BTW, I really want to make a thread about my sometimes risky, and uncommon sexual behavior (which involved more drug use than i can handle in the past); because i'm just bored, horny, and feeling like changing my sexual orientations again (for a little while). I'm a mess. I want to act out. I really want some excitement, but my forms of excitement are usually have been self-destructive, but I'll find someone to talk to about that stuff ... in any case, I'm a little nervous about this week, so I'll share here.
I found help through family, friends, and professionals, things were okay on the outside, but my insides were were barely changing. After 4 years of safe, healthy, living, I went right back to my old ways and everything got dark, dangerous, and hopeless.
Today (now that I've been heading in the right direction again for a few months), I believe that once you get out of the hole it's important to figure out what makes you tick; and most importantly your strength, weaknesses, and limitations to stay away from whatever darkness you found yourself in and find some balance.
For me, it takes me a lot of prayer, writing, and hearing other people's experiences (HOPE) to stay away from old ways. I keep it simple, when the time comes to take the next level and get deep, I'll be ready to take the next steps. There's a lot i have to work on, because I believe I went through what I went through and i am who I am because I was meant to help others to the best of my ability. But it's always an inside job, I can't help anyone if I'm still learning how to help yourself.
I'm not a religious person, but I do believe that something greater that is loving and caring helps me with ANYTHING. I don't have the intense, one-on-one support I had years ago, I'm the brokest I've been my whole life, I'm alone more than I want to be, but I'm the happiest I've ever been, because I have hope everyday and I'm slowly building a relationship with my God because despite not being religious, there is a reason I'm not dead or in jail right now.

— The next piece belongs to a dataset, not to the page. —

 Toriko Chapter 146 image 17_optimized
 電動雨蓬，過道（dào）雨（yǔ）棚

It took 30 years of living, and some barely existing, but in my heart I believe it gets better and that sky is the limit.
I might be going off on a tangeant, but unfortunately, a lot of people suffer in silence. It's hard for the average person to talk about feelings or real issues. And life is hard enough so why care about someone else's pain or feelings? Some people take the God thing too strictly, andjust isolate themselves and others, because it because too much is only meant for God.

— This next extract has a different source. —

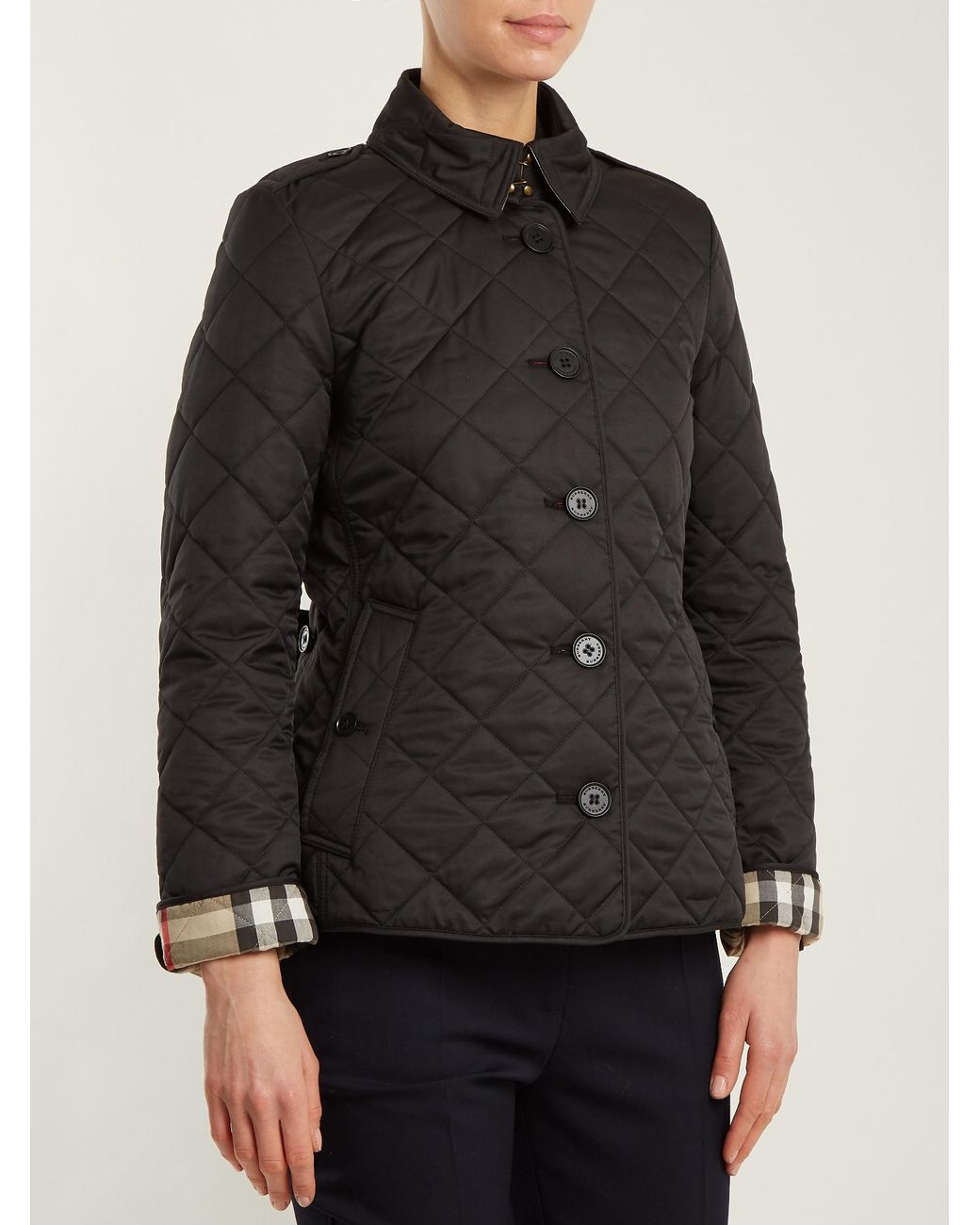 Burberry Frankby Quilted Jacket Xxl | vlr.eng.br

I do believe we suffer as a society as a whole because despite what we overcome individually, there is a lack of empathy and compassion, to help the next man.
Look at #Blacklivesmatter for instance. It's non-existant now because most people didn't want total or even hear about struggles of the disenfranchised, it's now alllivesmatter because that's some fukking bullshyt isn't real and dodges the real issues. We could all be doing better as a society.